- Activity:
Only the lines from the one with "2025 Ford F-150 Lightning photo 13" through the last line of the material below belong in the answer, copied exactly and without pictures.

※ ※ ※

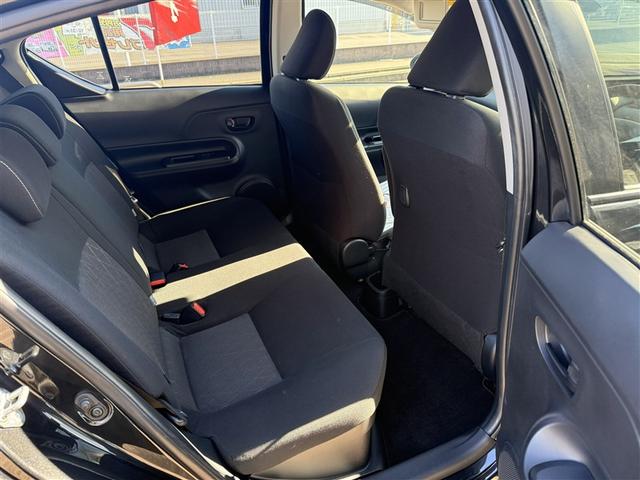 アクア Ｓ　キーレスエントリ　ドラレコ付　ナビ＆ＴＶ　オートエアコン　デュアルエアバック　ＥＳＣ　Ｂカメラ　パワーウィンドウ　ＥＴＣ　ＳＲＳ　パワーステアリング　ＡＢＳ　記録簿付（13枚目）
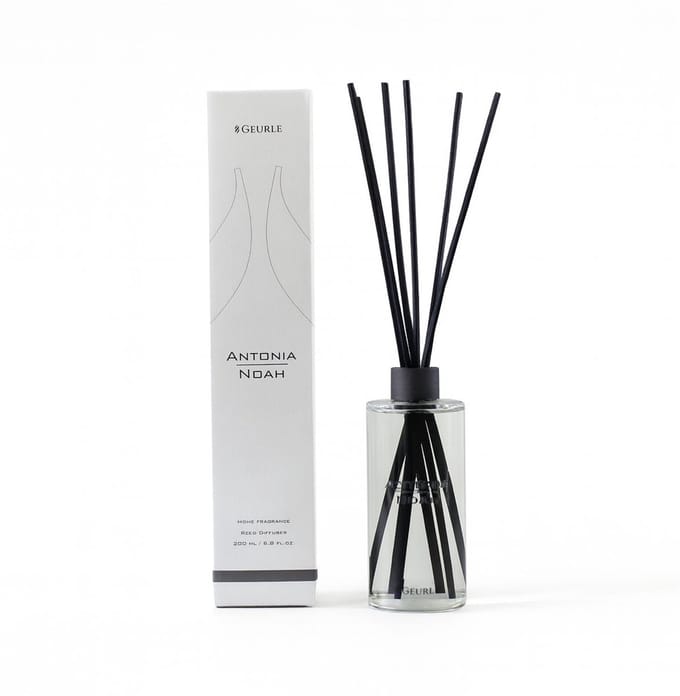 Geurle Geurstokjes Antonia Noah 100ml - Fragrance Sticks - Sandelhout & Musk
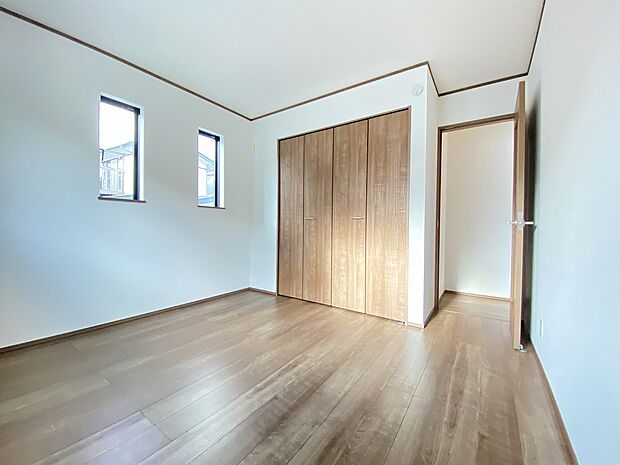 全居室フローリングで統一されているため、お掃除がラクラクです。ホコリなども、目についた時にサッと拭くだけでスッキリきれいに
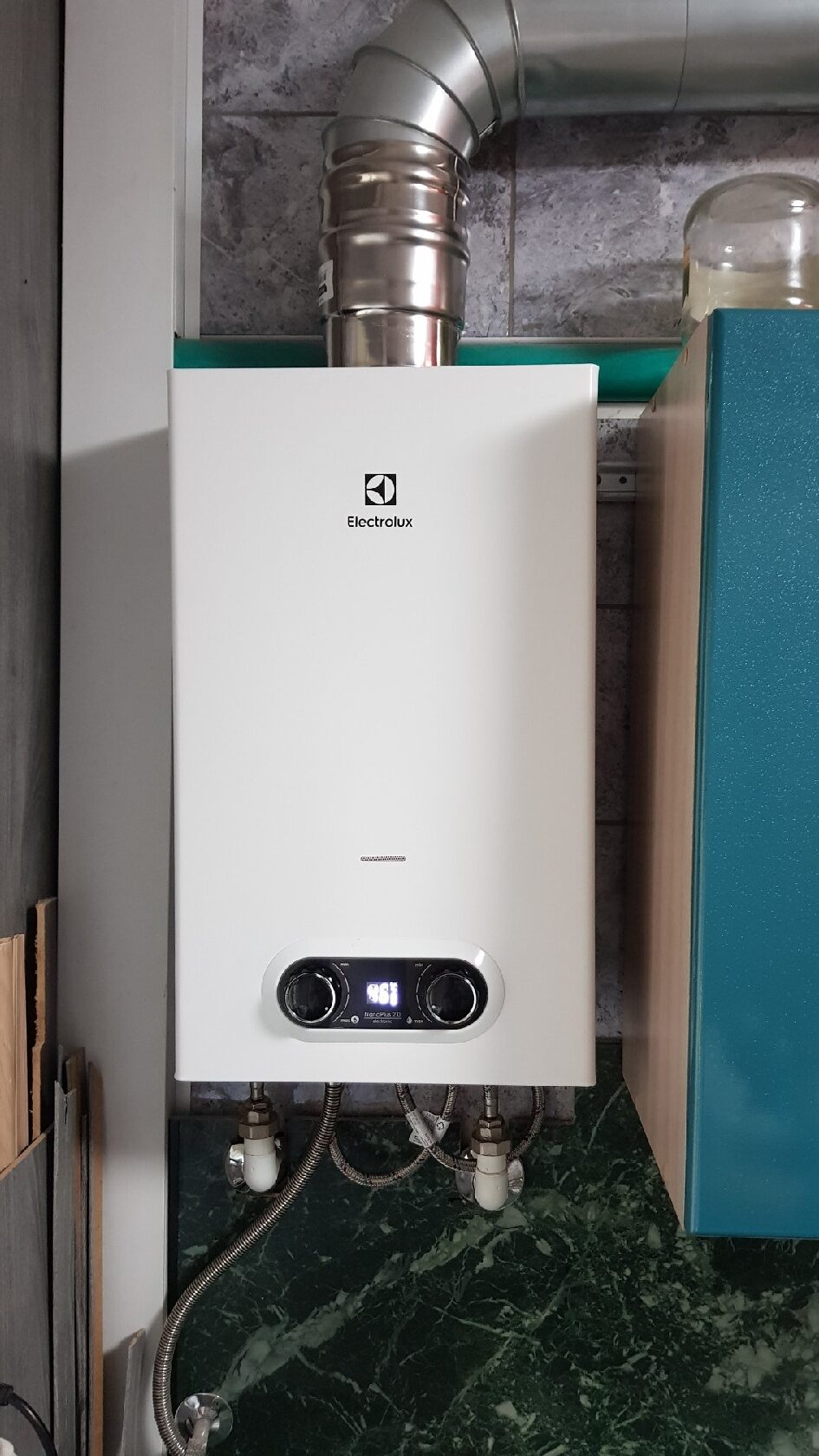 Газовая колонка Electrolux GWH 10 NanoPlus 2.0 white - отзывы покупателей  на маркетплейсе Мегамаркет | Артикул: 600000389178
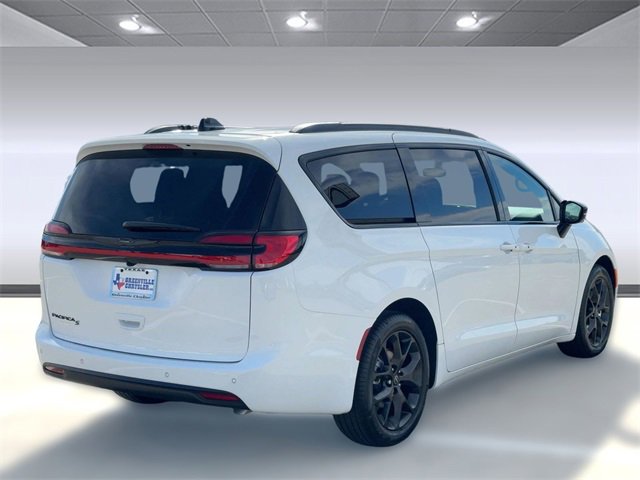 New 2026 Chrysler Pacifica Select w/ S Appearance Package image 9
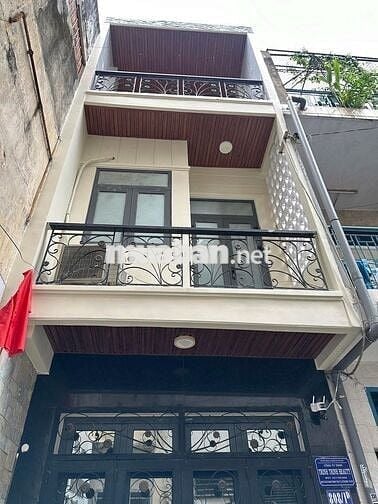 Cho Thuê Nhà Nguyên Căn Cách Mạng Tháng 8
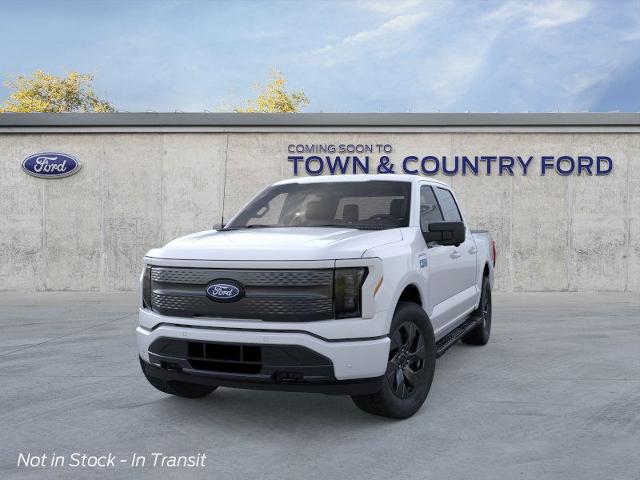 2025 Ford F-150 Lightning photo 13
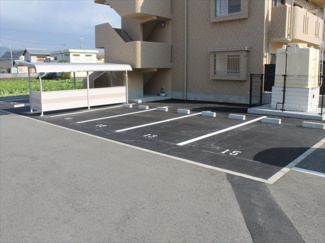 【駐車場】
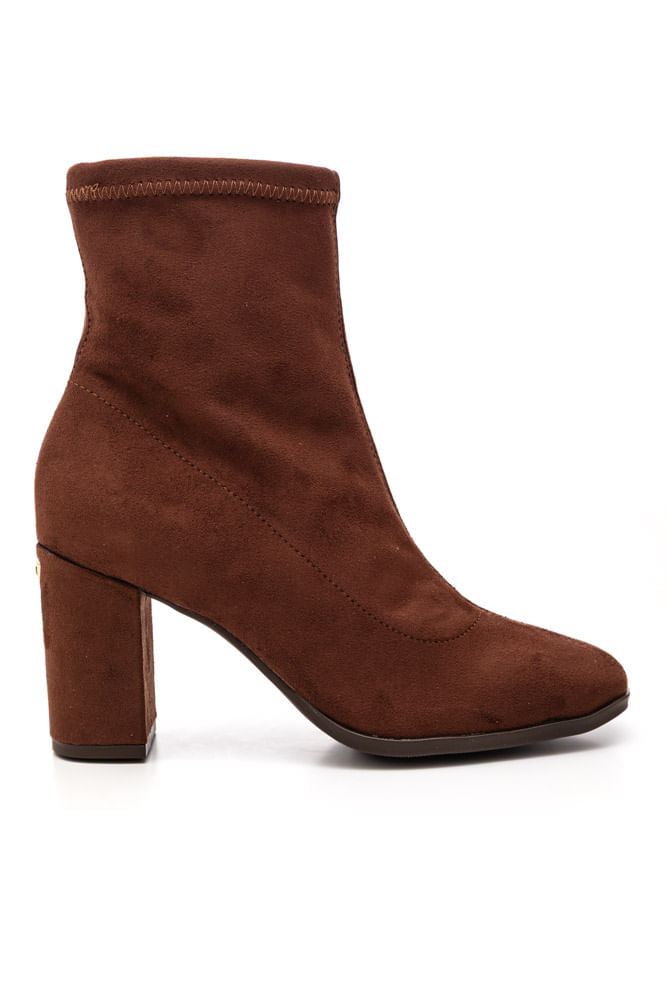 Bota-Via-Marte-Cano-Baixo-Feminina-Camurca-Ultra-247-002-01-Marrom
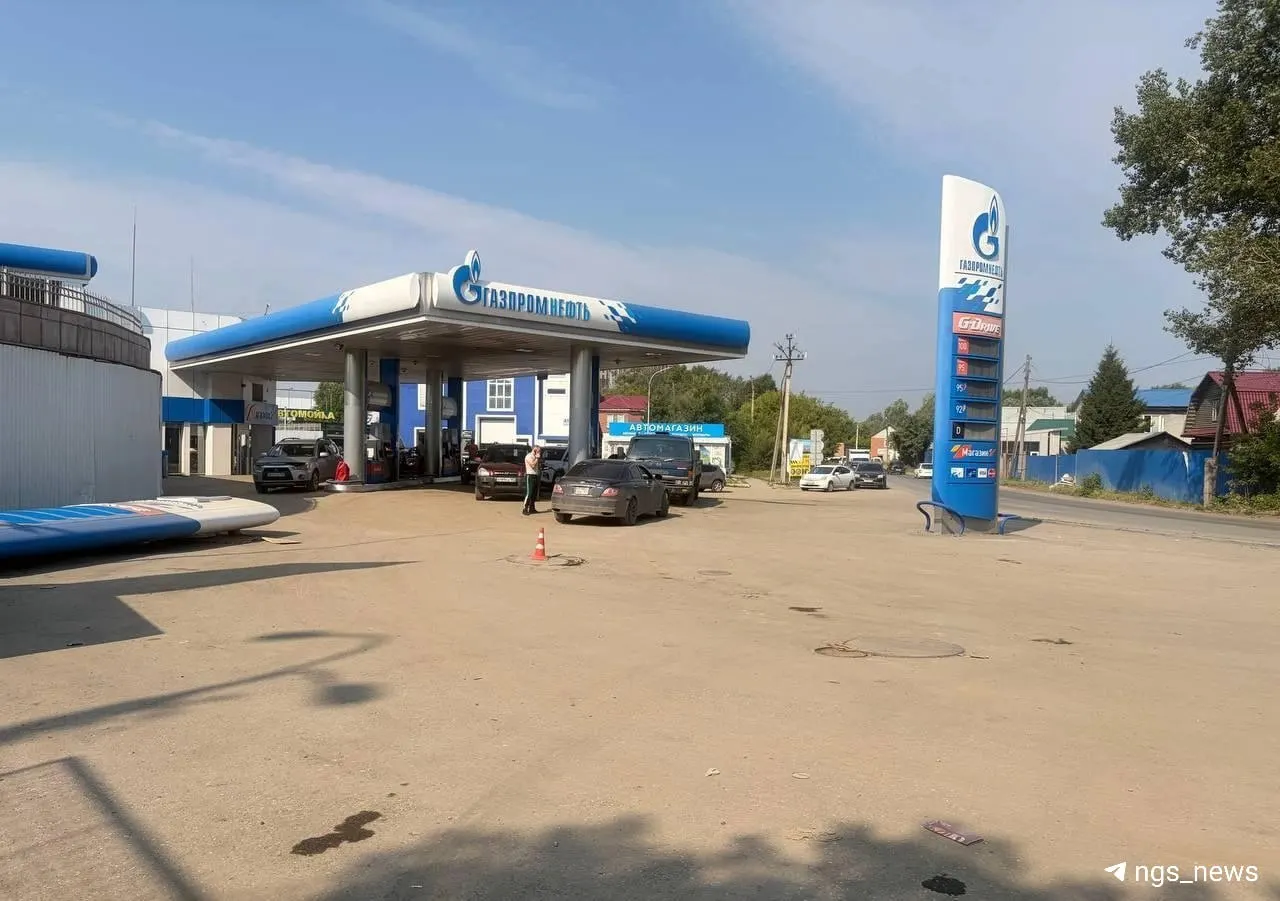 Жители Новосибирска сталкиваются с очередями на автозаправках: в некоторых случаях ожидание сократилось до 15 минут, в других — водители проводят в очереди несколько часов.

※ ※ ※

- The answer:
 2025 Ford F-150 Lightning photo 13
 【駐車場】
 Bota-Via-Marte-Cano-Baixo-Feminina-Camurca-Ultra-247-002-01-Marrom
 Жители Новосибирска сталкиваются с очередями на автозаправках: в некоторых случаях ожидание сократилось до 15 минут, в других — водители проводят в очереди несколько часов.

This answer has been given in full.